*ACTIVITY*: Present exactly, and only, the lines running from the line that contains "Coleccionismo: Old set" through the end of the entries below.

┄┄┄┄┄┄

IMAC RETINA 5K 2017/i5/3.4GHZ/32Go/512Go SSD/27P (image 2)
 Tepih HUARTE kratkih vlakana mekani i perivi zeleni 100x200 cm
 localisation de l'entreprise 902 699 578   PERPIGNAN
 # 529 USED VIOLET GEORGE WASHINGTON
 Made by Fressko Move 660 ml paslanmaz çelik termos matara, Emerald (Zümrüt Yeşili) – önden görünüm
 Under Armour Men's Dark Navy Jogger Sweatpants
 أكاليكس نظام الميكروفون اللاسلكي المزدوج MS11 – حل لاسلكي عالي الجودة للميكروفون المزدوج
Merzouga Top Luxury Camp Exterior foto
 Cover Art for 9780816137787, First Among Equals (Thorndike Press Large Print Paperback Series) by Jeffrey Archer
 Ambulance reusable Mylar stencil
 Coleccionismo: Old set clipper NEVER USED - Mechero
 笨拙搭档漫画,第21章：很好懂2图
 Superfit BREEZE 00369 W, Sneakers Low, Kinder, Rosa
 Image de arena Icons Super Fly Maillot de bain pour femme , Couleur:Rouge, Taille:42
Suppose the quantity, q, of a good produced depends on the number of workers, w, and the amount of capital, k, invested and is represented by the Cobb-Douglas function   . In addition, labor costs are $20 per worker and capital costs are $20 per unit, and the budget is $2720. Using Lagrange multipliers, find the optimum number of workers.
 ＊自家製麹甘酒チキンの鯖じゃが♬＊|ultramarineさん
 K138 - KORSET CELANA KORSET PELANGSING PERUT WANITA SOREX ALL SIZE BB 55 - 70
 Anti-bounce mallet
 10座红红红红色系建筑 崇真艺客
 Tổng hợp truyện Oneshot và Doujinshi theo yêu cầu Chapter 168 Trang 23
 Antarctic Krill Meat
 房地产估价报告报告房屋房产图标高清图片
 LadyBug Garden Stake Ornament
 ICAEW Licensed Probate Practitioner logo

┄┄┄┄┄┄

*SOLUTION TO THIS TASK*:
 Coleccionismo: Old set clipper NEVER USED - Mechero
 笨拙搭档漫画,第21章：很好懂2图
 Superfit BREEZE 00369 W, Sneakers Low, Kinder, Rosa
 Image de arena Icons Super Fly Maillot de bain pour femme , Couleur:Rouge, Taille:42
Suppose the quantity, q, of a good produced depends on the number of workers, w, and the amount of capital, k, invested and is represented by the Cobb-Douglas function   . In addition, labor costs are $20 per worker and capital costs are $20 per unit, and the budget is $2720. Using Lagrange multipliers, find the optimum number of workers.
 ＊自家製麹甘酒チキンの鯖じゃが♬＊|ultramarineさん
 K138 - KORSET CELANA KORSET PELANGSING PERUT WANITA SOREX ALL SIZE BB 55 - 70
 Anti-bounce mallet
 10座红红红红色系建筑 崇真艺客
 Tổng hợp truyện Oneshot và Doujinshi theo yêu cầu Chapter 168 Trang 23
 Antarctic Krill Meat
 房地产估价报告报告房屋房产图标高清图片
 LadyBug Garden Stake Ornament
 ICAEW Licensed Probate Practitioner logo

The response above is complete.